▶ _What is expected_:
Only one stretch of the data below is wanted: the lines from the one with "Ferienhaus am See" through the one with "Wayne Rooney et", repeated exactly.

▶ _Input material_:
Segment Open

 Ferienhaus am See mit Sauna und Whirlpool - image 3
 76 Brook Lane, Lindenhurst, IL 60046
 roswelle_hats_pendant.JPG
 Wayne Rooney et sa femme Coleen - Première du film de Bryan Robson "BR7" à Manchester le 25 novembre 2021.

Segment Closed
Segment Open

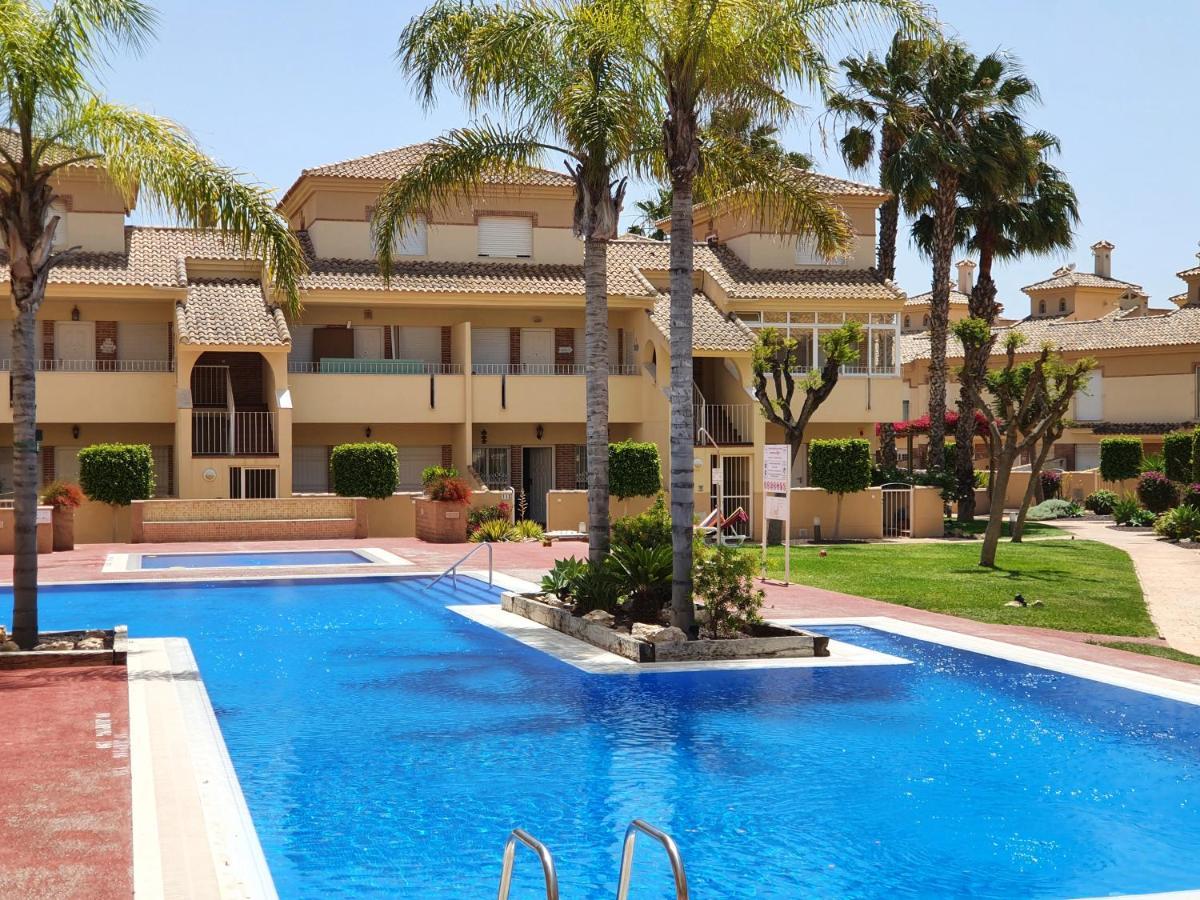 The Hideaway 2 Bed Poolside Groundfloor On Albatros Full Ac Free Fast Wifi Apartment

Segment Closed

▶ _Result for this task_:
 Ferienhaus am See mit Sauna und Whirlpool - image 3
 76 Brook Lane, Lindenhurst, IL 60046
 roswelle_hats_pendant.JPG
 Wayne Rooney et sa femme Coleen - Première du film de Bryan Robson "BR7" à Manchester le 25 novembre 2021.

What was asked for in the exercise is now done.